Les toutes premières élections du Bhoutan se sont certes bien déroulées, mais l’ancien royaume est encore loin d’être un pays démocratique. Un pourcentage significatif de la population continue de se voir refuser les droits les plus fondamentaux. Par exemple, moines, personnalités religieuses et détenus n’ont pas pu voter l’an dernier lors des élections. Les rassemblements politiques et les manifestations ne sont toujours pas autorisés, et le gouvernement cherche à décourager l’activité syndicale. Aussi, alors que la Constitution garantit la liberté de rassemblement, on rapporte que le gouvernement a mis fin à des meetings politiques et infligé des amendes à certains médias pour avoir critiqué des responsables politiques. De larges pans de la population sont victimes de discrimination. De nombreux Lhotsampas – une minorité parlant népalais du sud du Bhoutan [plus de 100 000 réfugiés de cette ethnie habitent des camps supervisés par les Nations unies dans le sud-est du Népal et ailleurs] – se sont également vu refuser le droit de vote aux dernières élections.

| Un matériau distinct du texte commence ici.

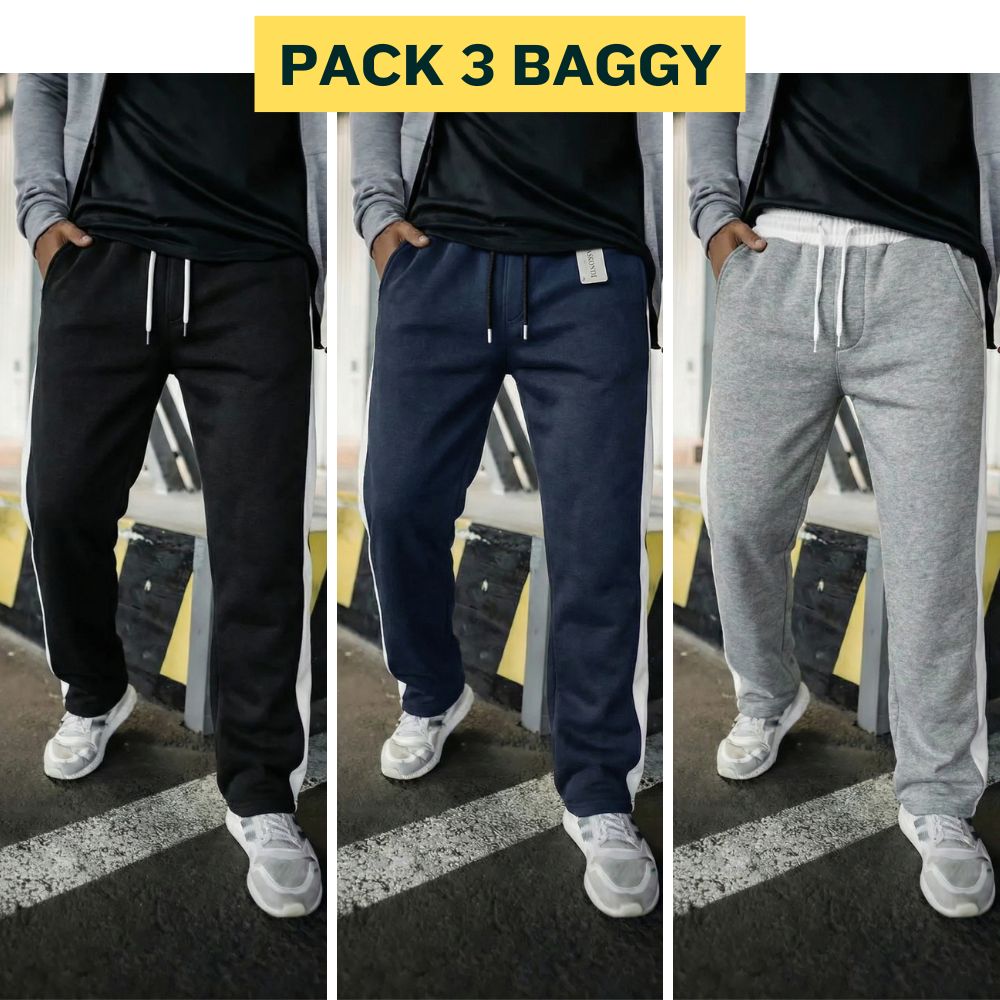 Pack 3 Pantalons Baggy à Bandes REF0061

Le secteur de l’éducation a toutefois connu des améliorations au cours de la dernière année. Néanmoins, plus de 60 % des élèves bhoutanais qui souhaitent acquérir une éducation supérieure doivent aller en Inde ou encore plus loin à cause du manque de places dans les établissements d’enseignement supérieur du pays. Des responsables du ministère de l’Education ont annoncé à plusieurs reprises l’intention du gouvernement d’ouvrir une école dans chaque village, mais on ignore toujours comment il compte concrétiser ce projet. Pendant la campagne, le principal slogan du DPT insistait sur le concept de bonne gouvernance. Aujourd’hui, selon un récent sondage réalisé par Kuensel, un hebdomadaire financé par l’Etat, plus de 47 % des habitants se déclarent déçus par le nouveau gouvernement démocratique.